Portinari was willing to serve Henry's daughter, Elizabeth I, and was recommended by the diplomat Nicholas Throckmorton who met him in France. In 1560, he gave professional advice on the rebuilding of the town walls of Berwick-upon-Tweed, the vital border town between England and Scotland. The new fortifications were being constructed in the modern trace italienne style, so-called because it had originated in Italy during the Italian Wars, and Portinari's opinion was clearly highly valued on account of his Italian background. He proposed extending the walls east to the coast, which would bring the Magdalene Fields within the defensive perimeter and make the town considerably easier to defend against landward assault, but his scheme was rejected, apparently because it would have been too expensive.

There was some rivalry between Portinari and the English military engineer Richard Lee. In response, Portinari wrote to the Privy Council describing his visit to Berwick in October 1560 and the plans he had drawn. He mentioned that he had visited Edinburgh during the siege of Leith and made a plan of the French fortifications. He had also made plans for the defence of Portsmouth. Portinari had obtained designs for a portable cannon demonstrated in France by Bartolomeo Campi.

Portinari was retained as a consultant on the projects at Berwick for several years, along with his fellow-Italian Jacopo Aconcio, but there were frequent disagreements between them and the English chief engineer, Sir Richard Lee, continuing to at least 1564.

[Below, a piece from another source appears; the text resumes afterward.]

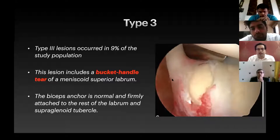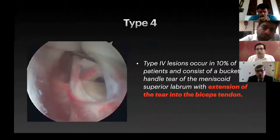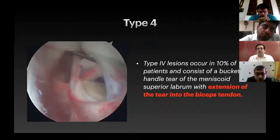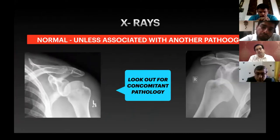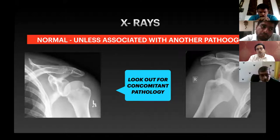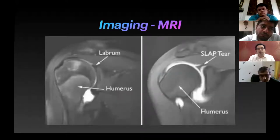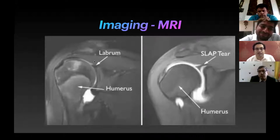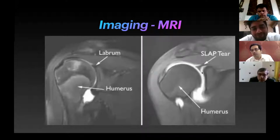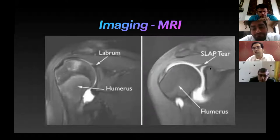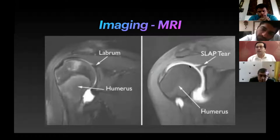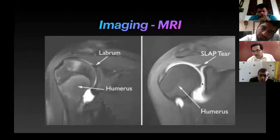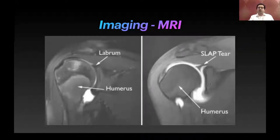X-rays are usually normal unless associated with another pathology. MRI is quite sensitive for SLAP tears. Normal MRI is around 65 to 70% sensitive and specific; with the addition of arthrogram, you can detect up to 95% of SLAP lesions. On the left is a normal labrum with continuity with the superior glenoid, whereas on the right there is fluid passing between the superior labrum and the glenoid rim — that is an MRI arthrogram appearance.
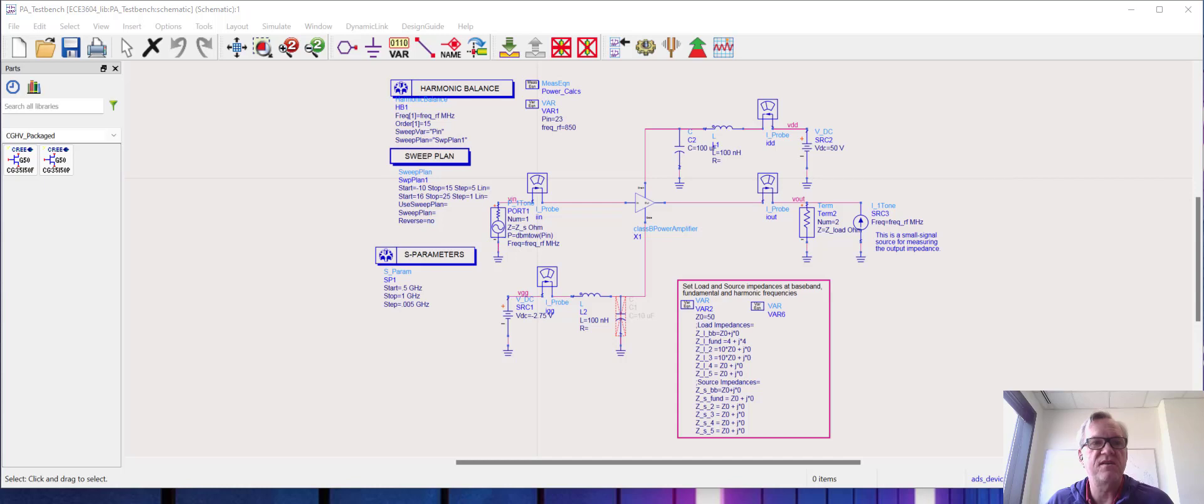Okay, in this video I thought that I would show how to use the optimization engine in ADS in order to optimize the power amplifier.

The date and circumstances of Portinari's death are not recorded, but it must have occurred after 1572, which is when he is last attested.

==Sources==
- "Berwick-upon-Tweed: Northumberland Extensive Urban Survey" (2009)

- "Events in 1537-8"

- Beverley, Tessa (2004). "Portinari, Sir Giovanni"

- Herbert, Jim. "Berwick - A Garrison Town. Part 4: The Elizabethan Walls"

- MacIvor, Iain (1965). "The Elizabethan Fortifications of Berwick-upon-Tweed"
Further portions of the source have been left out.